# Mergesort C# and C++

Mergesort is another prominent sorting algorithm. Just like Quicksort its a divide and conquer based algorithm. However, unlike Quicksort, Mergesort is stable. Nonetheless, it is also recommended for larger collections. Run time for this algorithm is O(n log n), for best, average, and worst case. In terms of space complexity, Mergesort takes O(n) amount of space, worst case (this is due to the size of the array itself, the array is “n” amount of elements, we need to store the elements somewhere after sorting) .

Algorithm explained:

Merge Sort:

1. Divide Step

If a given array A has zero or one element, simply return; it is already sorted. Otherwise, split A[p .. r] into two subarrays A[p .. q] and A[q + 1 .. r], each containing about half of the elements of A[p .. r]. That is, q is the halfway point of A[p .. r].

2. Conquer Step

Conquer by recursively sorting the two subarrays A[p .. q] and A[q + 1 .. r].

3. Combine Step

Combine the elements back in A[p .. r] by merging the two sorted subarrays A[p .. q] and A[q + 1 .. r] into a sorted sequence.
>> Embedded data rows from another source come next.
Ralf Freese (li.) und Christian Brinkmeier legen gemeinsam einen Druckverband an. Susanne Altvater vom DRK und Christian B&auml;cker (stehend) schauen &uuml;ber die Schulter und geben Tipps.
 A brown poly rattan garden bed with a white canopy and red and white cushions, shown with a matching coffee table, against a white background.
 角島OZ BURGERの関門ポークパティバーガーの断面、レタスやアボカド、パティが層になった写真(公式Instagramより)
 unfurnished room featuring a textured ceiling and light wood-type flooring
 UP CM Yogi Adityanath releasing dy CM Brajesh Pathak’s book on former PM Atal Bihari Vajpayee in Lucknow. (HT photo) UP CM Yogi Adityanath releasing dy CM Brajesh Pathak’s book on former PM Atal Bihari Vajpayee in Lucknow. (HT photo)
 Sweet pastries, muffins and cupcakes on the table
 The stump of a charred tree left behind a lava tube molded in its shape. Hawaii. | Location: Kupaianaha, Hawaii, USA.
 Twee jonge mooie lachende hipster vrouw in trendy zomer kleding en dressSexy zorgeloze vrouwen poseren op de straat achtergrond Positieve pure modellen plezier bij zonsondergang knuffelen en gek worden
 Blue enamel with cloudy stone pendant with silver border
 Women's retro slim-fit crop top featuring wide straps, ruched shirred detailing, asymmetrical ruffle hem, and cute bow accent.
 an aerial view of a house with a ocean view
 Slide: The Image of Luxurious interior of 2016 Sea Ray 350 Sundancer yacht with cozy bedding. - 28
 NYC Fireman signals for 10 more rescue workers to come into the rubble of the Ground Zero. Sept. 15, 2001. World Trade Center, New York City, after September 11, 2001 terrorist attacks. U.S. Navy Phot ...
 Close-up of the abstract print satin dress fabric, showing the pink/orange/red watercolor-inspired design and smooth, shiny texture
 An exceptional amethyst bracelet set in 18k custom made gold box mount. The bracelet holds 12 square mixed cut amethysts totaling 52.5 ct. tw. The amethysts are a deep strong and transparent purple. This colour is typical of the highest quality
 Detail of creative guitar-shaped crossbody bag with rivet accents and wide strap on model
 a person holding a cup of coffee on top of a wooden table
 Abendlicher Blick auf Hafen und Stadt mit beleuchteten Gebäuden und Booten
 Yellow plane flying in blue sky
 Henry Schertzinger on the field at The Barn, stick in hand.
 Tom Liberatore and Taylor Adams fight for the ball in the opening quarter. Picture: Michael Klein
To accomplish this step, we will define a procedure MERGE (A, p, q, r).

To sort the entire sequence A[1 .. n], make the initial call to the procedure Mergesort (A, 1, n).

Mergesort(A, left, right)

1. IF left < right // Check for base case

2. THEN middle = FLOOR[(left + right)/2] // Divide step

3. MERGE (A, left, middle) // Conquer step.

4. MERGE (A, middle + 1, right) // Conquer step.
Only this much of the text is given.